§ **Problem statement**: Within the listing below, please copy exactly the lines between the line holding "lege straatoven voor" and the line holding "2001 CHEVROLET SILVERADO", inclusive.

§ **Provided data**:
┄┄┄┄┄┄

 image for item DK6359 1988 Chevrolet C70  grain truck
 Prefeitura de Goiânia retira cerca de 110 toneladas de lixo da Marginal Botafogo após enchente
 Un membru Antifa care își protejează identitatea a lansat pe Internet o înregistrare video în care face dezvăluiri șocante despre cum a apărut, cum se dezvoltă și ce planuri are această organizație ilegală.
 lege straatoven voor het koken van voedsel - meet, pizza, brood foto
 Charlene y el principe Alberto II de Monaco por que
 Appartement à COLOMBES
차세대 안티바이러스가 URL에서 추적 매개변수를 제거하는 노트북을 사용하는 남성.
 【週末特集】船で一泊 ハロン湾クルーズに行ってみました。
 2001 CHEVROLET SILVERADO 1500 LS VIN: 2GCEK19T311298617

┄┄┄┄┄┄

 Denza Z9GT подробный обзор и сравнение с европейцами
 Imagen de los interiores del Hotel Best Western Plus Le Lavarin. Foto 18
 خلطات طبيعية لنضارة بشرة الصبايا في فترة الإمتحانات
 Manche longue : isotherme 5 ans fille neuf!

┄┄┄┄┄┄

§ **Answer to this exercise**:
 lege straatoven voor het koken van voedsel - meet, pizza, brood foto
 Charlene y el principe Alberto II de Monaco por que
 Appartement à COLOMBES
차세대 안티바이러스가 URL에서 추적 매개변수를 제거하는 노트북을 사용하는 남성.
 【週末特集】船で一泊 ハロン湾クルーズに行ってみました。
 2001 CHEVROLET SILVERADO 1500 LS VIN: 2GCEK19T311298617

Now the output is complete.